According to my brother, a keen windsurfer himself now he doesn’t spend most of the time in the sea rather than on the board, the coast around here is very popular with windsurfers. I could see why, and there seemed to be a competition or at least gathering of surfers going on.
Several of them were ripping along, with good planes going, and some quick carve gybes that if I’d attempted would have resulted in being catapulted off the front of the board, and the sale mast landing on my head.
I’m quite tempted to have a go again myself when I get back to Norfolk, perhaps going up to Hunstanton with Will (brother) at some point, although it’s been a few years so I’ll probably spend most of my time in the water.
Leaving the windsurfers behind there followed a long stint inland alongside the Afon Dyfi (River Dovey), which doesn’t have a handy toll bridge over it. It was nice to have a bit of a tailwind down to Machynlleth, but then I had to turn back south west towards Aberystwyth. I passed an Osprey centre just before Furnace, but couldn’t spot any of these great birds of prey as I rode along, through quite a bit of forest alongside the river.
There’s an old iron smelting site in Furnace, from whence the town’s name is derived. The building has a great waterwheel, and was obviously quite an important industrial spot from the 1750’s through to the 19th century.
At Tre’r-Ddol I turned on to the B4353 to follow the coast, over some flatter terrain to Borth, although the lack of hills meant it was more exposed and I was getting knocked about by the wind again. Borth was a childhood holiday spot for my Mum, which was just a smattering of years ago of course, and she remembers it being just as windy when she used to visit.
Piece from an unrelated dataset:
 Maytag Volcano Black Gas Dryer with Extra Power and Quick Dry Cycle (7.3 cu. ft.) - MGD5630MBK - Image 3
Out of Borth I had to tackle a very long and very steep hill climb, with a few 25% sections that really pushed the limits of my ascending ability. I had to stop to rest a couple of times, but made it up the hill without having to push which was pretty satisfying. I don’t think I could have done that when I’d started a couple of months back.
The road continued to be challenging as I pedalled over to Aberystwyth, with lots of long, steep and continuous hills. Any cyclist up for a challenge should consider the B4572 from Borth to Aberystwyth, very satisfying once you’ve made it. Do it on a fully loaded touring bike for the extra challenge. A random passing car even gave me a cheer on the final ascent before the long downhill section into town, all encouragement was gratefully received.
I had a quick cycle around Aberystwyth, considered stopping for a quick pub break, but didn’t find anywhere inspiring so decided to push on.
Cardigan Castle is another one built by Edward I, who replaced the original Norman built fortress. The castle was razed by parliamentary forces during the English Civil War, so is now mostly in ruins.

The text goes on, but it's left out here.